My interest in music began as a child, as I learned to sing from phonograph records. We also had a piano, and my grandparents had an electric organ. Most of the music that influenced my style came later:
The early '70s was the peak of the revolution going on in music. My very first purchased album was Blind Faith (1969) with Eric Clapton. Later, I discovered Layla by Derek and the Dominos (1970) when it was still considered underground music that was only aired after midnight on KQRS radio.
Another member of the Dominos, Bobby Whitlock, released Bobby Whitlock (1970), featuring beautiful acoustic and electric guitar, along with soothing to raspy vocals. I found Peter Frampton in Humble Pie's Rock On. Later, I absolutely loved Lines on My Face from Frampton's Camel, so much so, I drove to a music store near midnight to get the album. Some of the best music is born from painful experiences.
In addition to the Beatles, my sister introduced me to the music of Spider John Koerner and Willie Murphy on Running Jumping Standing Still (1969), which is a timeless, folksy classic. She also introduced me to Jimi Hendrix with Are You Experienced, but I was not quite into him until a Band of Gypsies (1970) came out. I think a lot of people who never paid attention to Hendrix started with that album. Just as I was getting into him, he died in 1970. I visited his Electric Lady Studios in 1972.
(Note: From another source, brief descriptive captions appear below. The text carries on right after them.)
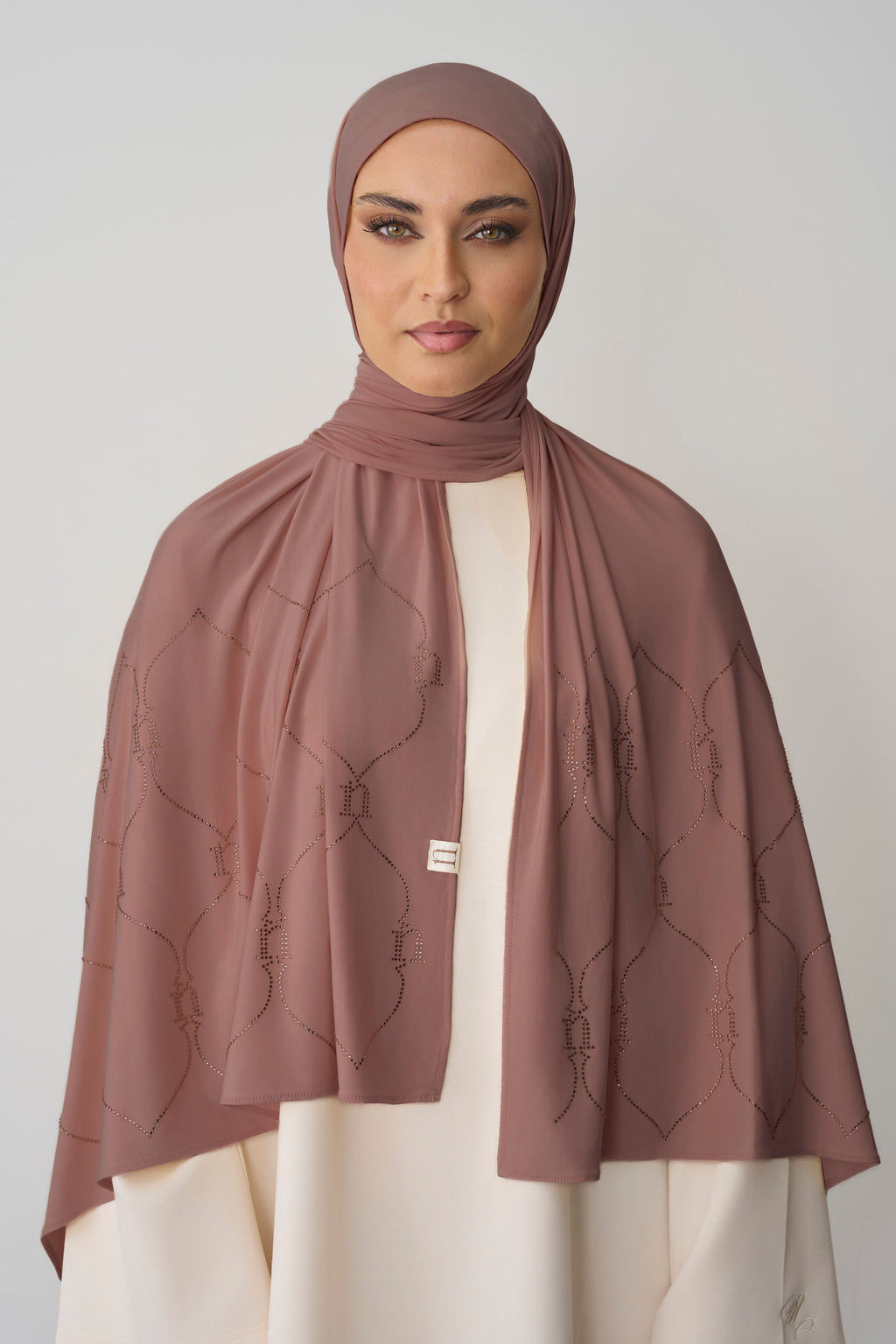 Liquid Jersey Stone Scarf | Rosewood
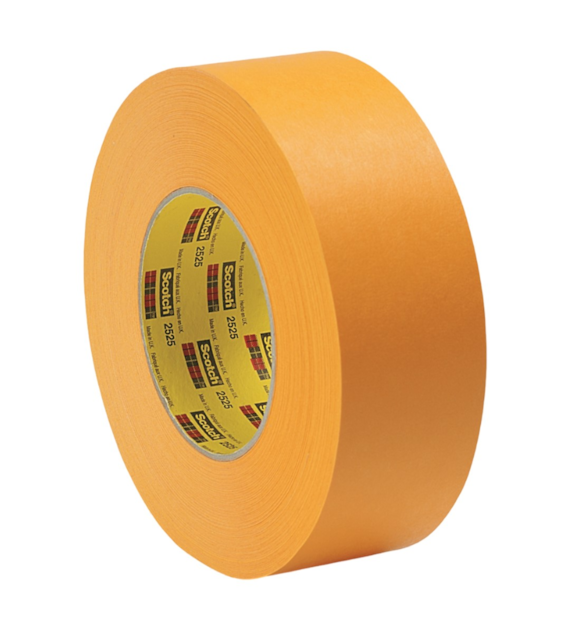 Taśma maskująca Performance Flatback 2525 24mm x 55m pomarańczowa - 3M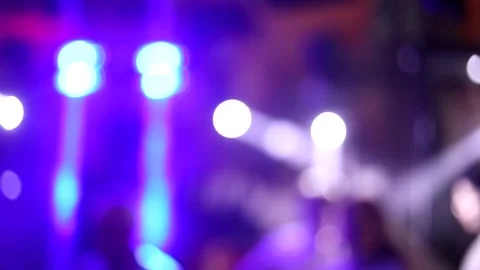Neon lights on the dance floor. Slow time. Stock Footage 158050228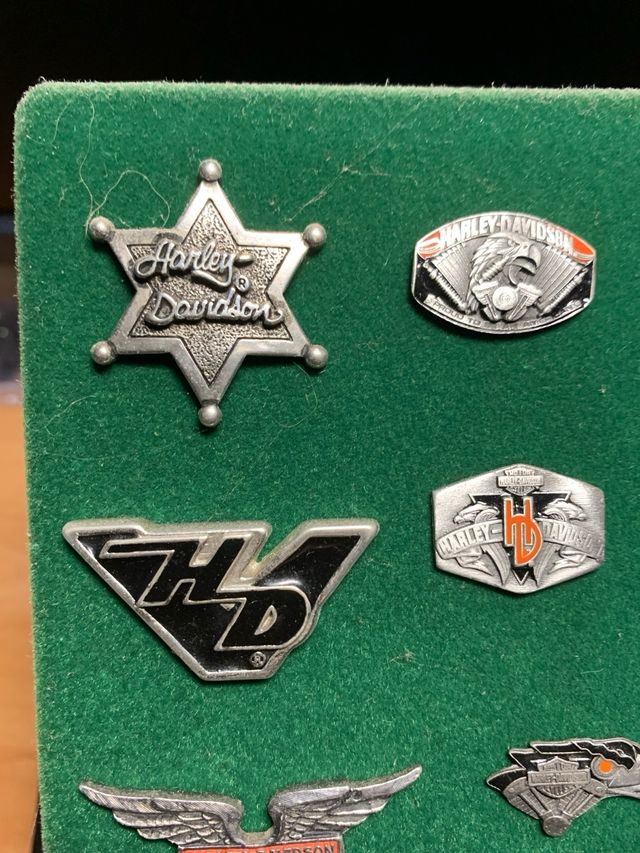 Coleção de alfinetes Harley Davidson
The Allman Brothers Live at Filmore East (1970) is still a great album. Guitarist Duane Allman also died soon after I was getting into his guitar playing. Unfortunately, it seemed to be the era of dying rock stars. I also liked Deep Purple and Richie Blackmore's electric guitar playing along with their distorted classic Hammond organ! Deep Purple in Rock and Machine Head albums, with the song "Smoke on the Water" being among very memorable influences.
One native Minneapolis band I really liked was called Gypsy and they had several national albums. I loved Hocus Pocus by Focus! I liked Jethro Tull and some of Martin Barr's lead guitar. I used to jam to the guitar solo by Joe Walsh in the song Stop by the James Gang. I later loved the intense phase-shifted guitar in their song Alexis, the kind of emotional solo that sends a shiver down your spine!
Andy Powell, the guitarist in Wishbone Ash, was a major influence. I used to jam to their dual guitar leads in Persephone, among other songs. And one cannot forget the massive p[resence of Fleetwood Mac with Bare Trees and multiple albums that defined the era. The Doobie Brothers with The Captain and Me is an endearing and indelible memory! In fact, it seemed like every week I was buying a new album.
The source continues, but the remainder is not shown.